While developers of coal-to-liquids plants struggle forward with their projects, two developers of coal-to-fuels plants, including one in Wyoming, have decided to use natural gas as a feedstock instead of coal.
Casper-based Nerd Gas ditched a plan to build a $1.7 billion plant near Lake DeSmet that would convert both coal and natural gas to fuels.
The company is now looking for a site for a smaller $700 million to $1 billion plant that would convert only natural gas to 10,000 to 15,000 barrels of gasoline a day.
Nerd Gas was concerned it would be too difficult to get the water rights it needed for a plant that would use coal, and decided a less expensive plant that only converted natural gas would be easier to finance and permit.

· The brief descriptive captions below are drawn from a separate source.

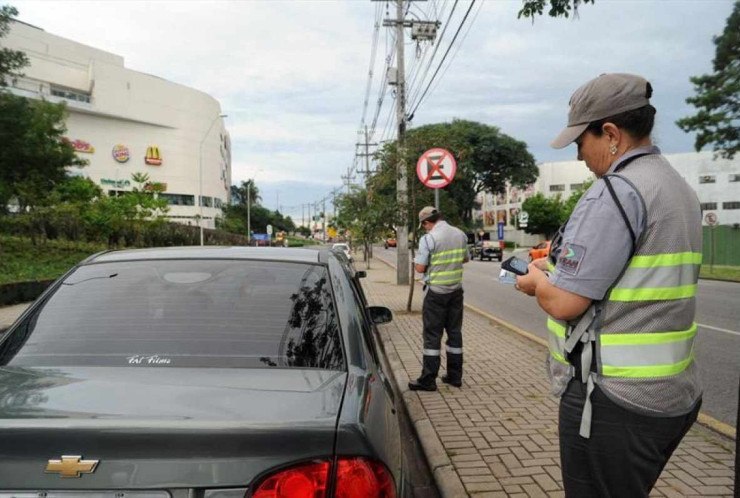 Guarda municipal de Curitiba com vestes cinzas e colete verde neon est&aacute; com bloco de multas na m&atilde;o. Pessoa est&aacute; parada ao lado de ve&iacute;culo prata, ao fundo &eacute; poss&iacute;vel ver outro guarda e c&eacute;u nublado. 
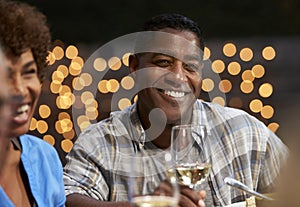 Group Of Mature Friends Enjoying Outdoor Meal In Backyard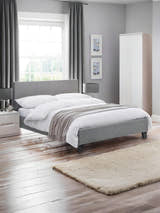 Julian Bowen Rialto upholstered bed in grey linen, in a bright bedroom with a wooden floor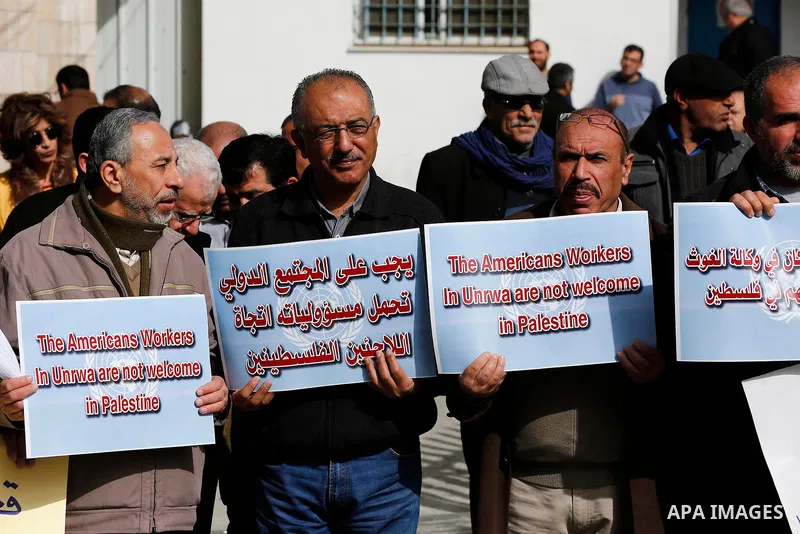 Palestinians take part in a protest in the town of Bethlehem in the occupied West Bank, on January 22, 2018 against freeze tens of millions of dollars in contributions to the United Nations Relief and Work Agency (UNRWA)...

“We think the challenges from a coal project are significantly larger than what we want to tackle at this time,” Nerd Gas Senior Vice President Cary Brus said.

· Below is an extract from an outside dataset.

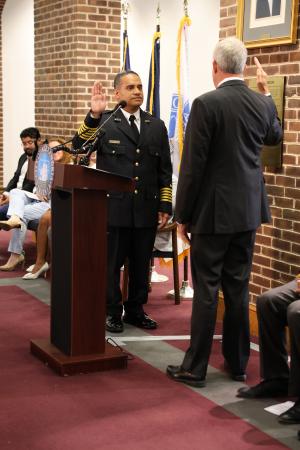 Fire Chief Felipe Hernandez Jr. being sworn as New Alexandria Fire Chief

The company is eyeing three possible locations in southeast, central and southwest Wyoming, he said.
Elsewhere in the U.S., Baard Energy, a Vancouver, Wash.-based company, is proposing a $3.5 billion plant south of Youngstown, Ohio, this year. The plant would convert natural gas to 2.1 million gallons of jet and diesel fuel each day.

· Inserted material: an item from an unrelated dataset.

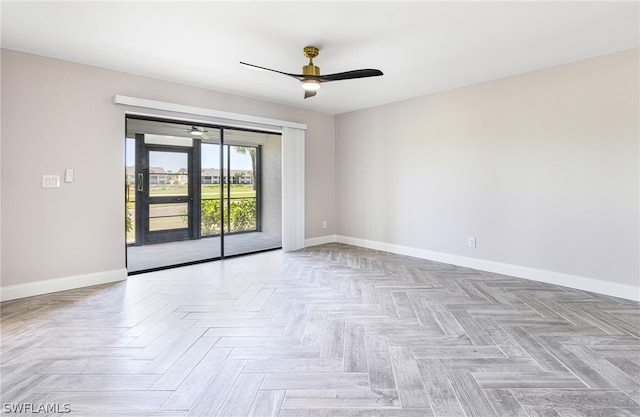 spare room featuring ceiling fan and parquet floors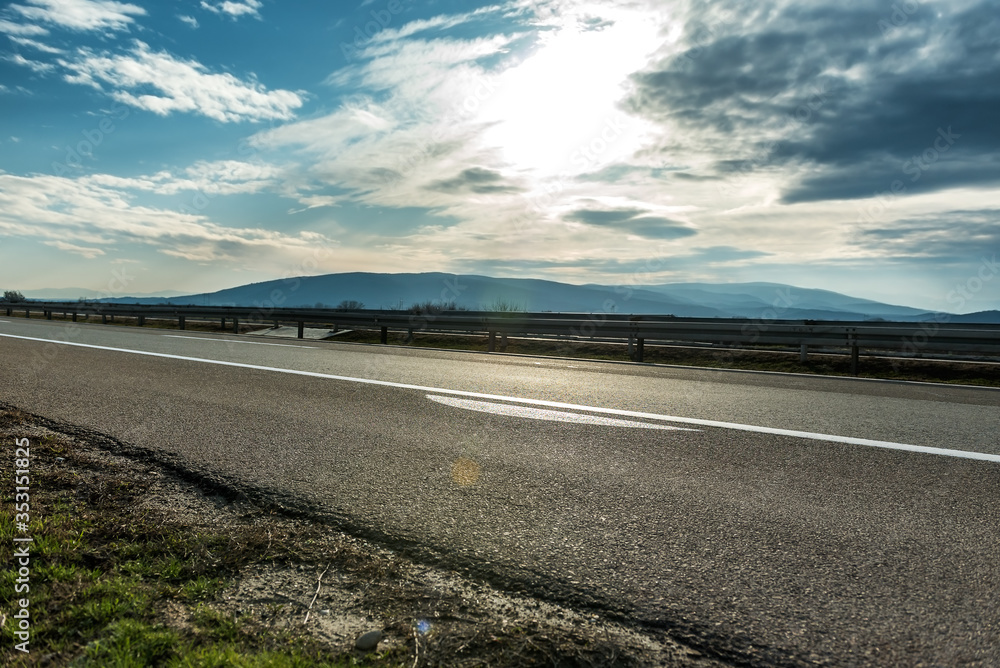 Beautiful silent freeway road. Asphalt highway background. Landscape with beautiful sunset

In October, the company announced it had decided to run the plant on natural gas instead of coal in a deal with environmental groups, which had pursued legal action against the company over concerns about mercury and other pollutants.
“The business case for natural gas is compelling,” Baard Energy Chief Executive John Baardson said in an interview with the Cleveland Plain Dealer. “And there is a fair amount of interest from financial people. We should be in construction by 2012.”